Le contraste est frappant entre les propos salaces des uns, et ces drôles de standardistes dont certaines tricotent tout en répondant aux clients. Sabiha, belle jeune femme accablée dont le visage fatigué évoque celui d’une mater dolorosa façon Georges de La Tour, voit défiler toute la misère sexuelle humaine dans son combiné.
Mère célibataire qui se bat pour la garde de son fils, Sabiha opère sous un nom d’empreint pour arrondir ses fins de mois. Un tremblement de terre suspend cette ruche bourdonnante. Les lumières s’éteignent. Les murs tremblent. Le temps est suspendu jusqu’à ce que retentisse la sonnerie de son téléphone. Le jeune garçon à la Playstation rappelle, blessé et prisonnier sous les décombres. L’héroïne va alors tout faire pour secourir l’infortuné sans quitter la ligne...

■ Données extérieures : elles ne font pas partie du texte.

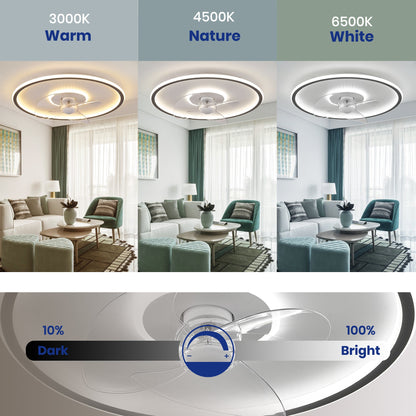 Dimmable LED Ceiling Fan for Kids Room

Long-métrage à dispositifs
Présenté dans la section Panorama à la dernière Berlinale, Confidente, troisième film du couple franco-turc Çağla Zencirci et Guillaume Giovanetti, s’avère un passionnant huis clos aussi minimaliste que malin. Dans le registre des longs-métrages à dispositifs, initiés jadis par le Lifeboat d’Hitchcock qui invitait le spectateur à passer tout un film dans un canot de sauvetage, Confidente navigue entre le Phone Game (2002), de Joel Schumacher, avec Colin Farrell, The Guilty (2018), polar danois signé Gustav Moller, qui ne quittait pas d’une semelle le flic d’un centre d’appels de police cherchant à localiser une femme kidnappée, ou le thriller claustrophobique mexicain Buried (2010), de Rodrigo Cortès, où un chauffeur routier américain (Ryan Reynolds) se réveillait enterré dans un cercueil.
Ici, les réalisateurs orchestrent une tragédie tendue, tressée serrée dans un modeste centre d’appels de téléphone rose saisi par le séisme d’Izmit près d’Istanbul qui fit près de 20 000 morts en 1999. L’héroïne, magistralement interprétée par Saadet Isil Aksoy (déjà vue dans Eastern Plays), tient sur ces frêles épaules toute la pression du film. Avec ses faux airs de Sophie Duez dans Marche à l’ombre, cette beauté classique empreinte de gravité participe pleinement au charme du film.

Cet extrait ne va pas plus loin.